In fact, El Al’s CEO – Major Soreq, who was an air force pilot as well as an accountant – rejected it out of hand, writing back that “El Al demands immediate compensation of $100 million for damage caused to El Al due to decisions by the state.” Wow, impressive rebuttal on several levels. 

First, you have to love the emphasis on immediate compensation, as well as the amount. Hutzpah ,that Israeli trait all Israelis are born with, was not tarnished by his years in Nashville. No southern hospitality in that statement, straight to the throat.

And a nice touch in blaming the state for Israel’s woes. 

Attached to Soreq’s letter to the Finance Ministry was also a letter from Rozenberg committing to work on behalf of El Al. The letter said, “I take full responsibility as part of proper corporate procedure to protect its stability, nurturing and growth, especially during this time. My commitment to El Al is no small matter. El Al is an enterprise that requires major long-term investment.”

Heartwarming words, but my fear is that his definition of long-term investment alludes only to capital. What he needs to invest in is brainpower and a strong management that can see the future and move forward.

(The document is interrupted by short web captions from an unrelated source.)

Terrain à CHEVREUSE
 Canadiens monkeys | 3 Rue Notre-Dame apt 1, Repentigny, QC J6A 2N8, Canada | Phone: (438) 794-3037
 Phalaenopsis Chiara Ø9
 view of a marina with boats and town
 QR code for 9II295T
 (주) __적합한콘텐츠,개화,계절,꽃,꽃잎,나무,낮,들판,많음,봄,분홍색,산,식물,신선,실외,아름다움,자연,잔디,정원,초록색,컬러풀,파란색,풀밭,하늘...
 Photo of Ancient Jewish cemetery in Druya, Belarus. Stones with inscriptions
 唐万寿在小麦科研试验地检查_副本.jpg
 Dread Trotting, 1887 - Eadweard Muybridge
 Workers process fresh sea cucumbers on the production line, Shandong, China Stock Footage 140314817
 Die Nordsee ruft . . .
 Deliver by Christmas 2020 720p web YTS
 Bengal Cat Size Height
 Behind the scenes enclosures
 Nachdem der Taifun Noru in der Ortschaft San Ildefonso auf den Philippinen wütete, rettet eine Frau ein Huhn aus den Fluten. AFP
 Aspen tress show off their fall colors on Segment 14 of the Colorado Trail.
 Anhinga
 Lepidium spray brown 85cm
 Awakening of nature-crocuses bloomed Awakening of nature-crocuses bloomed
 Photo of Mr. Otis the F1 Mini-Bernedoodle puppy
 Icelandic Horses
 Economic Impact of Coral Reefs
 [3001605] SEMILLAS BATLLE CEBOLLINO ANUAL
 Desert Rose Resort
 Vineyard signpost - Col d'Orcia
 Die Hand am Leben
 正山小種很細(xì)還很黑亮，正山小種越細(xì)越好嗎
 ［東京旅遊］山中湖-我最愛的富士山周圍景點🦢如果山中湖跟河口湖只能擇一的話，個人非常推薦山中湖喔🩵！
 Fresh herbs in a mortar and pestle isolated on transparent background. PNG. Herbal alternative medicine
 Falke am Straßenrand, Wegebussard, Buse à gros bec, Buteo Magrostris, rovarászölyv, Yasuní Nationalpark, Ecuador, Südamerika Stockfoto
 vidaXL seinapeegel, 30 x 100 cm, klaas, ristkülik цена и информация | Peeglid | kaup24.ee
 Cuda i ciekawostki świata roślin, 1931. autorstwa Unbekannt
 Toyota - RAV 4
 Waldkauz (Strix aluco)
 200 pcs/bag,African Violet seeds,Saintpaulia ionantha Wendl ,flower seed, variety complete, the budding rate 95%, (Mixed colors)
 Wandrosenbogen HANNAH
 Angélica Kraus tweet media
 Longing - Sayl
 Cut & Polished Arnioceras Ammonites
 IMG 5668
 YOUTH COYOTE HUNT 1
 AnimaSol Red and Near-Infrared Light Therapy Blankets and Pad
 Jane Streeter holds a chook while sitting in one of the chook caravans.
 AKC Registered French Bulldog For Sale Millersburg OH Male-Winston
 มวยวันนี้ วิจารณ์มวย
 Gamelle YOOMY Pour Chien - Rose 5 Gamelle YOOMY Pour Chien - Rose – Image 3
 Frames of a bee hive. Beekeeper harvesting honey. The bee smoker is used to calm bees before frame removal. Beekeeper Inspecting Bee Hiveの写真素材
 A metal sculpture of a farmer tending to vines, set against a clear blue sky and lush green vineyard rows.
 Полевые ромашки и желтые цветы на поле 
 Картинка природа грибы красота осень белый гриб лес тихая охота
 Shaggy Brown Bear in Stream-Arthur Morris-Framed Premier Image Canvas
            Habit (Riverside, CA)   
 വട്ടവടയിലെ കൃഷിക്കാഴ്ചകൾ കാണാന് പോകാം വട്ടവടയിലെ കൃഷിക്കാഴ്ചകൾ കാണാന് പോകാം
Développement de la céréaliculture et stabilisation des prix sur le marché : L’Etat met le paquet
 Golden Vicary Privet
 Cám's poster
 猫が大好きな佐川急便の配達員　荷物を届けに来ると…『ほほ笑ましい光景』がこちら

It’s a sign of our times that Israir, the most vocal Israeli airline over the last year, is owned by Rami Levy, whose background is in supermarkets before branching out into property development. Israir’s CEO, Uri Sirkis, has been at the forefront of criticizing the government over its topsy-turvy policy when it comes to handling the pandemic in regard to travel and tourism. He has been leading the choir to open the skies; when a new peace treaty is signed, or a country allows Israelis to enter, Israir has quickly added flights. 

El Al meanwhile has stumbled like a drunk person, hitting wall after wall trying to find an open space. I’m not comparing Israir, whose fleet of planes doesn’t reach double digits, to El Al; but I admire the tenacity of Israir’s management to boldly outline its future. Truth be told, Israir’s decision to stop flying on Shabbat will come back to haunt them, but again it’s their owner who has decided on this policy and has the wherewithal to make it happen.

IS EL AL going to follow in Beitar Jerusalem’s steps? The famed football team has seen owner after owner invest millions of dollars in a club that is fueled with talent, but internally has factions that make success near impossible. The latest owner, tech founder Moshe Hogeg, had a revelation right after Rosh Hashanah. After three years and a futile attempt to bring in an investor from the United Arab Emirates, he announced his desire to sell his share and run, not walk, as far away as he could.

Like Rozenberg, he didn’t see Beitar Jerusalem as a business, and happily donated millions to the club. Not seeking personal gain, he never asked for a medal or a thank you; simply a modicum of respect. Once he realized that both fans and management were at odds with his vision, he chose to quit.

El Al is at the same crossroads; there is an owner willing to invest millions. There is a public willing to give him a chance and the government is offering financial rewards. Like a football team, one needs a strong team with an even stronger coaching staff. Beitar’s owner was wrong – Beitar Jerusalem is a business, as is El Al. 

Aviation is not a toy, as much as gallivanting around the world is a pleasure. It is dollars and cents, and that requires a helluva lot of sense. El Al doesn’t have it today, or if they do it’s a hidden secret that only a select few have knowledge.

Put together a team – insiders and outsiders, frequent flyers, bean counters, dreamers and realists – and decide finally to reinvent El Al. If this pandemic has taught us anything, it’s that we are in a brand-new world, and those insightful enough to live within it will soar. If not, like TWA and dozens of other airlines that no longer exist, your time is over.